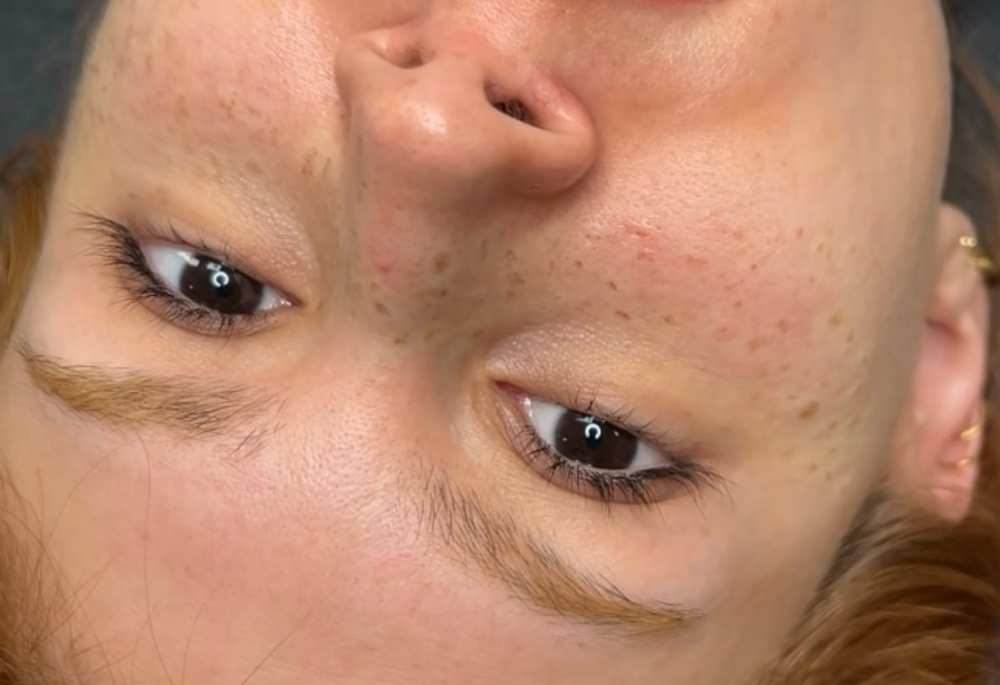 Semi-permanent Freckles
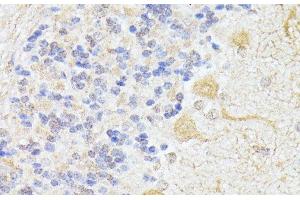 Immunohistochemistry of paraffin-embedded Rat cerebellum using ELP3 Polyclonal Antibody at dilution of 1:100 (40x lens). (ELP3/KAT9 抗体)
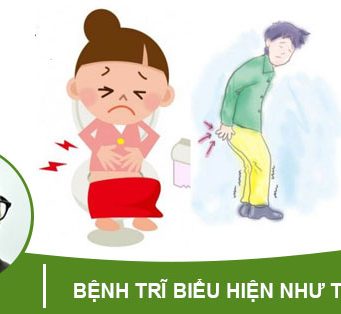 Bệnh trĩ có biểu hiện như thế nào ?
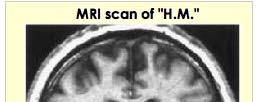 Declarative memory - patient H.M.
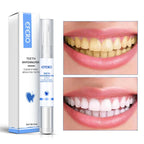 Teeth Whitening Pen Cleaning Serum Remove Plaque Stains Dental Tools Whiten Teeth Oral Hygiene Tooth Whitening Pen - Grab Online Now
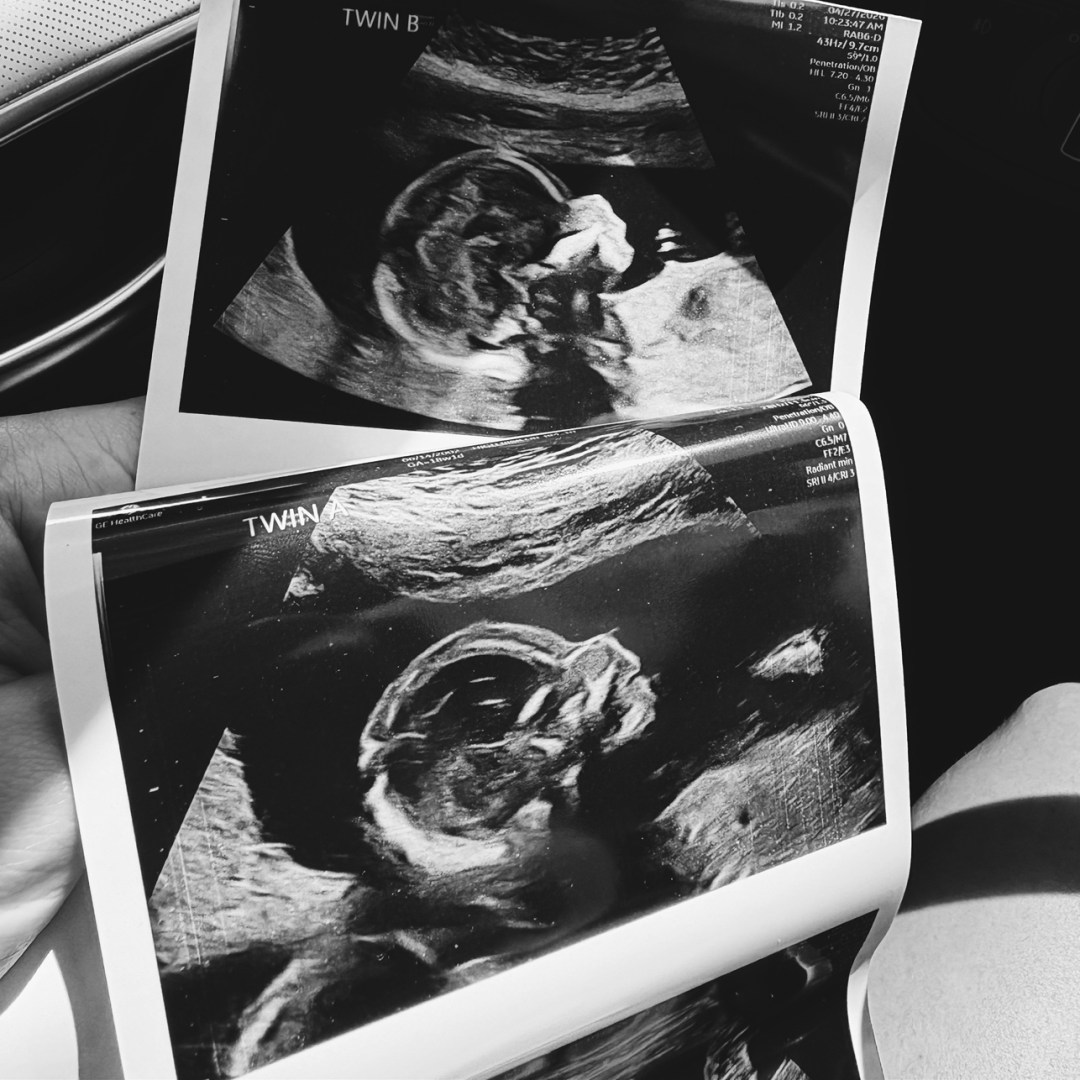 Photo shared by Ally for their Babylist baby registry.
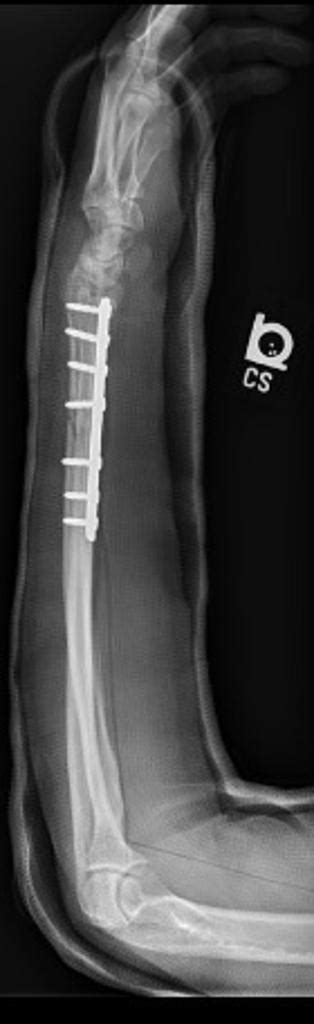 Galeazzi fracture - wikidoc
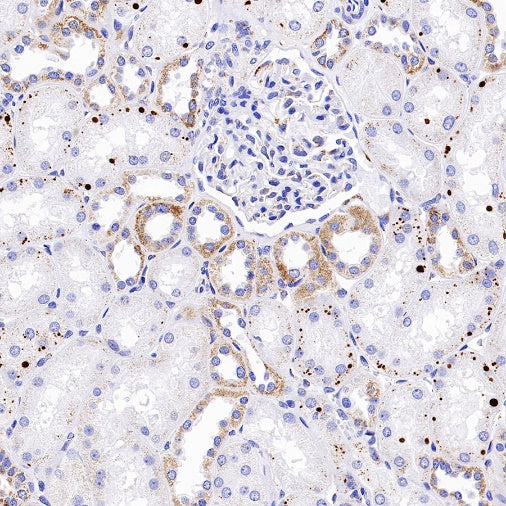 TFAM Recombinant Rabbit mAb (S-1018-53)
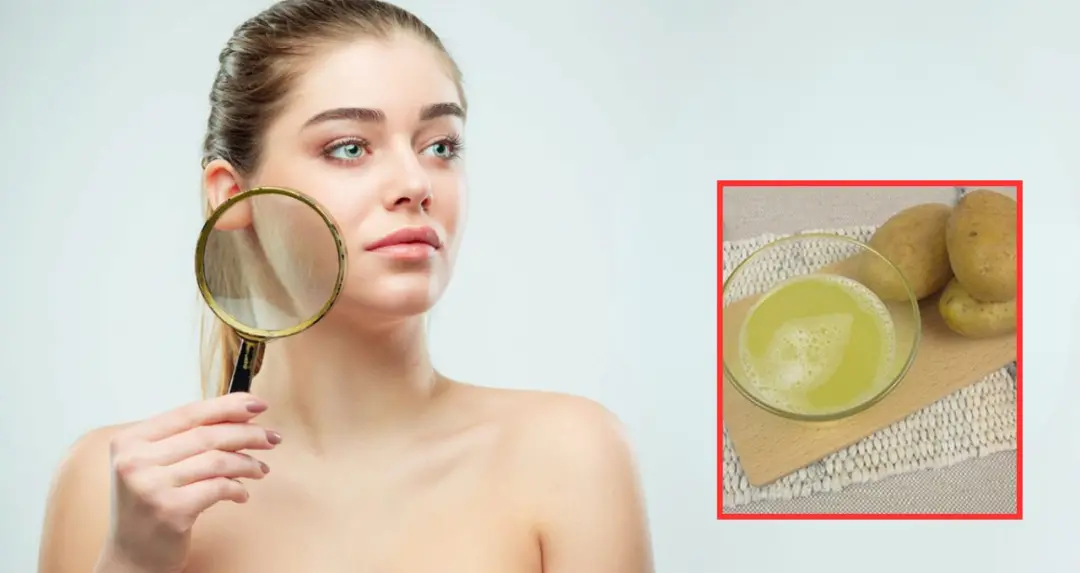चेहरे के काले धब्बे और झाइयों के लिए आलू का घरेलू नुस्खा: क्या वास्तव में फायदेमंद है यह प्राकृतिक उपाय?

WHAT IS REQUIRED:
From the material above, give again exactly the lines from the one that contains "Immunohistochemistry of paraffin-embedded" through the one that contains "Declarative memory - patient H.M.", and leave out the pictures.

ANSWER TO THIS PROBLEM:
 Immunohistochemistry of paraffin-embedded Rat cerebellum using ELP3 Polyclonal Antibody at dilution of 1:100 (40x lens). (ELP3/KAT9 抗体)
 Bệnh trĩ có biểu hiện như thế nào ?
 Declarative memory - patient H.M.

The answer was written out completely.